## What the task requires
Only what runs from the line with "this 500×332 image." to the end of the data should appear in the answer, exactly as written and without pictures.

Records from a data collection
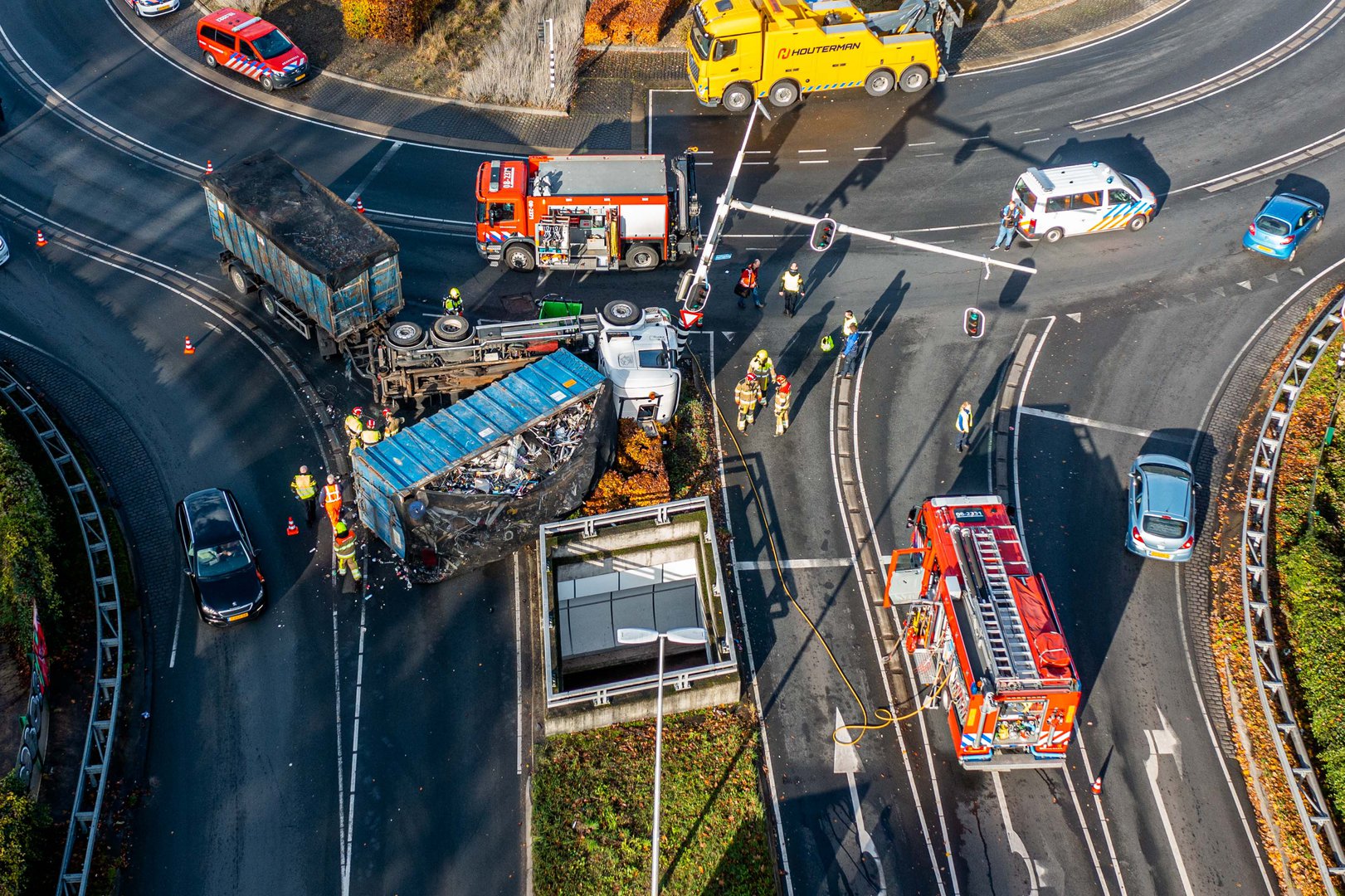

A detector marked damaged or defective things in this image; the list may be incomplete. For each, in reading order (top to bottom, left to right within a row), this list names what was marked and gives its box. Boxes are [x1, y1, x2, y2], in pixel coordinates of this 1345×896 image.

overturned truck trailer [349, 349, 616, 578]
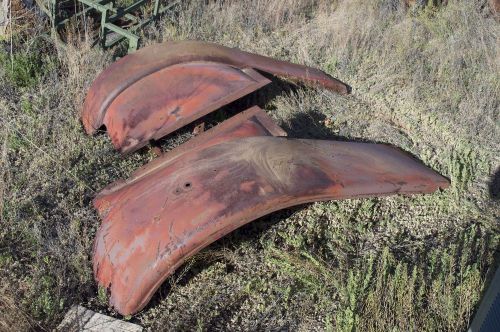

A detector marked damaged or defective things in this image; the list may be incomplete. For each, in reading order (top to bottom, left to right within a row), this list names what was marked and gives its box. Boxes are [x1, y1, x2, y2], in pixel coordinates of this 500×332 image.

rusty metal fender [80, 40, 350, 139]
rust patch on metal [80, 40, 350, 148]
rusty metal fender [93, 107, 450, 316]
rust patch on metal [92, 107, 452, 316]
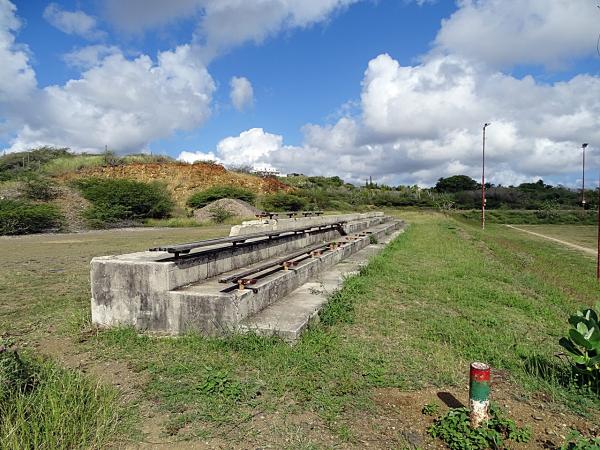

## Solution below
A detector marked damaged or defective things in this image; the list may be incomplete. For each, in reading order (top to bottom, left to right within a row), this list names what was marked and gives its box. Boxes are [x1, y1, x2, y2], in pixel coordinates of this 500×332 image.

rusty metal fender [80, 40, 350, 139]
rust patch on metal [80, 40, 350, 148]
rusty metal fender [93, 107, 450, 316]
rust patch on metal [92, 107, 452, 316]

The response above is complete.